All the network got was the most watchable and entertaining game of the season, a heavyweight battle between two legit Stanley Cup contenders, full of dazzling individual play and bad blood that came just short of actual blood and featured two goals in the final 65 seconds — but neither by the Hurricanes, who led with 49 seconds left only to lose 3-2 in overtime.
It felt like April right from the start. Or maybe even May.
This one night made up for all the execrable games between the Hurricanes and Panthers back in the old Southleast days, two nothing teams going nowhere, each neutral-zone trapping their way through the season. These two teams are clearly going somewhere, and they may have to get past each other to get there.
“I wouldn’t doubt it,” Hurricanes captain Jordan Staal said. “We were definitely feeling the atmosphere. It was a big-time game, two good teams battling it out. That first period was very quick. It was a grind. Those are the games you love to play in. it’s too bad we’re on the wrong end of it but we’ll find a way to create a better game next time.”
If so, bring it on.
This was lit from the start, with the Panthers taking runs at Andrei Svechnikov and Svechnikov responding in kind, shaking off a cheap shot by Owen Tippett to run Sam Bennett head-first into the wall in front of the Florida bench. Then Patric Hornqvist tried to send Svechnikov into the Hurricanes’ open bench door, earning the Hurricanes two full minutes of two-man advantage.
The Hurricanes failed to score five-on-three — always a cardinal sin, but especially so with 120 seconds of it — but Teuvo Teravainen caught Sergei Bobrovsky napping with a tight-angle shot at the end of the first period. Bobrovsky’s usually good for one clanger a game, and that was it.
Later, Mason Marchment — whose father changed the course of Shane Willis’ career with a predatory elbow to the head — caught Vincent Trocheck with head down across the middle and sent Trocheck spinning one direction and his helmet another. Trocheck picked up the penalty, for continuing to play without his helmet.

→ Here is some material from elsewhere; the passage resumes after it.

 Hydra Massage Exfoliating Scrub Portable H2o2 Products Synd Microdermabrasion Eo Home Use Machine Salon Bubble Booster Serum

The Panthers finally answered in the second with a stunning bit of individual skill from Aleksander Barkov, who dragged the puck behind his back to turnstile poor Brady Skjei before flipping a backhand through Frederik Andersen’s legs. A contender for goal of the season, pure filth that set the stage for a third-period showdown that started with a Tony DeAngelo goal and ended with Andersen holding off a relentless Florida barrage until 49 seconds were left and the Panthers scored with their net empty.
It took only 16 seconds of overtime for Aaron Ekblad to sneak behind Teravainen and secure the bonus point.
“Clearly we’ve got to keep playing,” Hurricanes coach Rod Brind’Amour said. “We can’t try to hang on. It never works. That’s not our style anyway.”
Regardless of the result, it’s not hard to imagine these teams seeing each other again down the road. That may even be what DeAngelo and Radko Gudas were discussing when they were yelling at each other from their respective benches at one point. DeAngelo got the last word with a blast from the point early in the third to give the Hurricanes a lead that didn’t hold up, but it feels like a conversation that’s far from over.
The next chapter might also be on national television.